Every minute spent lambasting corporate landlords in the media or legislative chambers is a minute lost in addressing the real issue at hand: the need for more housing. The data overwhelmingly supports the idea that we're dealing with a supply and demand imbalance. While solving this issue is complex, some solutions are relatively straightforward:

  • Update Zoning and Housing Regulations: Modernize these laws to promote the construction of efficient, multi-unit buildings.

  • Incentivize Living in Less-Populated Areas: Encourage people to move to less expensive, less populated regions, and provide the necessary resources to make such transitions successful.

  • Promote Skilled Trades: Encouraging more people to enter trades can bring down construction costs, making housing more affordable.

  • Eliminate Parking Minimums: Remove mandates that require builders to allocate precious land for parking spaces, enabling more efficient use of land.

And the list goes on.

Finding The American Dream - How We Get Back To Normal.

To sum it up, while corporate landlords have undeniably grown in prominence, they are not the monolithic villains many perceive them to be—at least not at the present moment. Rather than dwelling on scapegoats, our attention needs to pivot toward tackling the actual issues contributing to the housing crisis, chiefly, the urgent need for more housing.

Encouragingly, we're beginning to see some targeted efforts aimed at addressing the root causes of the housing crisis.
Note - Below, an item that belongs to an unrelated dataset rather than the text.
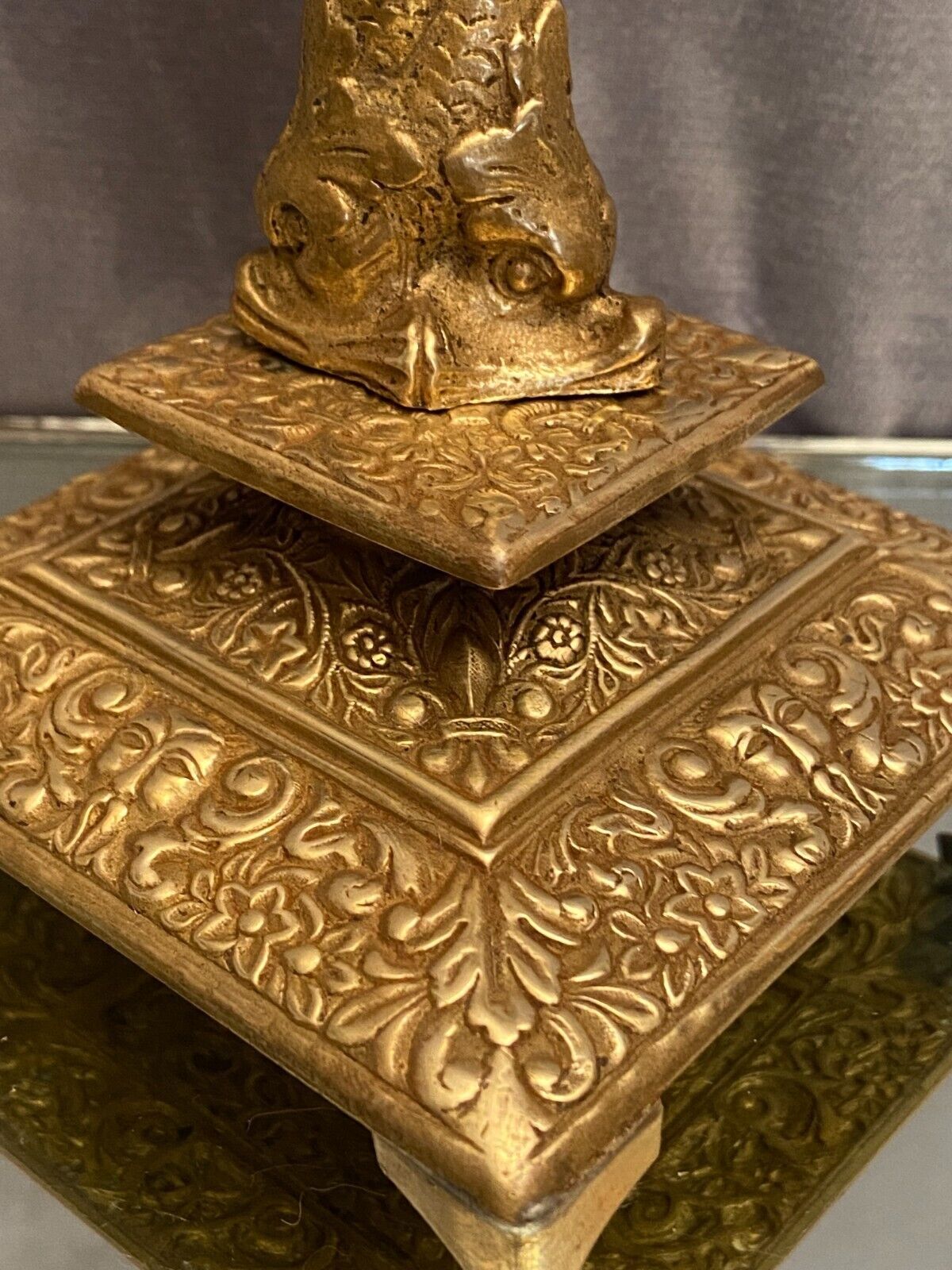 Lamp foot XIXth Louis XIV with stylized dauphin mounted in lamp without transformation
California has already mandated all jurisdictions to draft plans for adding 2.5 million housing units by 2030. This ambitious plan is incentivizing builders by offering relaxed regulations for those allocating at least 20% of their projects to affordable housing. Similarly, New York City is streamlining conversion rules, making it easier to repurpose older commercial & industrial buildings into residential units. The aim is to add approximately 20,000 new units in the next few years.

The changing nature of work culture, particularly the rise of remote work, could further alleviate housing pressures. The Brookings Institute reports an 11% decline in the number of people migrating from rural to urban areas between 2010 and 2020. If this trend sustains, or even intensifies, we could see a dual benefit: reduced strain on overpopulated urban centers and a revival of economically stagnant rural areas—a win-win scenario.

While it's too soon to declare these initiative and trend changes a success or to predict their unintended consequences, it's encouraging to witness state and local governments starting to address this issue with substantive measures, and people taking their own initiative to live a more comfortable life in the various amazing backwoods this country has to offer.

Instead of engaging in blame games and further delaying progress, it seems we are finally steering the discourse toward viable solutions. By focusing our collective energies on meaningful, data-backed strategies (at a personal or governmental level), we stand a better chance of grappling with the real demons of our housing crisis, and not just kicking the can down the road, waiting for it to hit a landmine.